Complexity and uncertainty in Digital Humanities projects: a co-design approach around data visualisation

Posted on Posted in Co-design, Research

Text originally published with Eveline Wandl-Vogt and Roberto Theron for ProvideDH on 13/07/2019

In the context of the PROVIDEDH project (PROgressive VIsual DEcision-Making in Digital Humanities), and amidst the important and still emerging study of uncertainty in DH research (Therón et al., 2018), during the DH2019 conference in Utrecht as members of the PROVIDEDH team we organised a day-long, hands-on workshop with the Exploration Space team of the ACDH Austrian Academy of Sciences and the VisUsal research group of the University of Salamanca

The session consisted of a series of short presentations, addressing topics like data visualization in DH, Open Innovation for transdisciplinary research or uncertainty in the DH research process (slides here), followed by group discussions and iterations in order to produce a series of paper prototypes and informational canvas addressing the inputs from the 11 participants in the workshop.

Photo by Eveline Wandl-Vogt (CC_BY 4.0)

For this, the sequence was based on the logic of co-creation and participatory design, enabling shared tasks and discussions around the mentioned topics, as well as on an open and transparent approach by demonstrating the current status and features of the ProvideDH annotation tool and other designs of the project as a work in progress.

1. Accreditation based on roles

Participants, when arriving to the exploration space, had to choose three background defining themselves individually, among several options related to transdisciplinary research, in order to generate a personalized badge for the rest of the day. This allowed to activate a first round of presentations, as well as a preliminary identification or areas of expertise and interest from their side. With a significant majority of roles around communication, experimentation, qualitative and ICT skills,participants were not only familiar with data visualization in DH but also in some cases with projects under development in the area.

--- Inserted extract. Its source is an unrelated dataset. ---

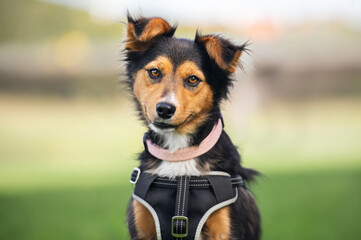 Portrait of a happy dog in the park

Photo by Eveline Wandl-Vogt (CC_BY 4.0)

2. Identification of data visualization tools for DH and evaluation criteria

The second part of the workshop consisted in a short presentation focusing on data visualization principles and its connection with DH, moving from the basic question of how data visualization can refer to information and knowledge through to visual encodings, and how its purpose can be diverse, to communicate, investigate or understand better a given phenomena. In this sense, based on the work by VisUsal it was also important to stress how data visualization needs to be attached to the user and to specific tasks, in this case related to the research process, and especially when addressing issues of interaction among users.

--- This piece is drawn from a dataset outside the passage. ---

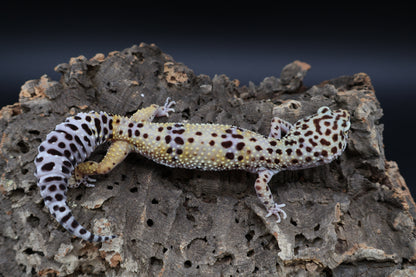 Female Bold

This part was followed by a shared discussion on important indicators for evaluating data visualization tools, following a co-design sequence where participants first selected an example of data visualization tool, in small groups, and afterwards presented them and discussed some of its characteristics. The criteria selected for this derived from a previous survey in which 49 respondents answered diverse questions about complexity and uncertainty in DH, and also from the group discussions at this stage of the workshop. The selected criteria, applied to the three cases selected were “usability”, “innovation” and “reproducibility”.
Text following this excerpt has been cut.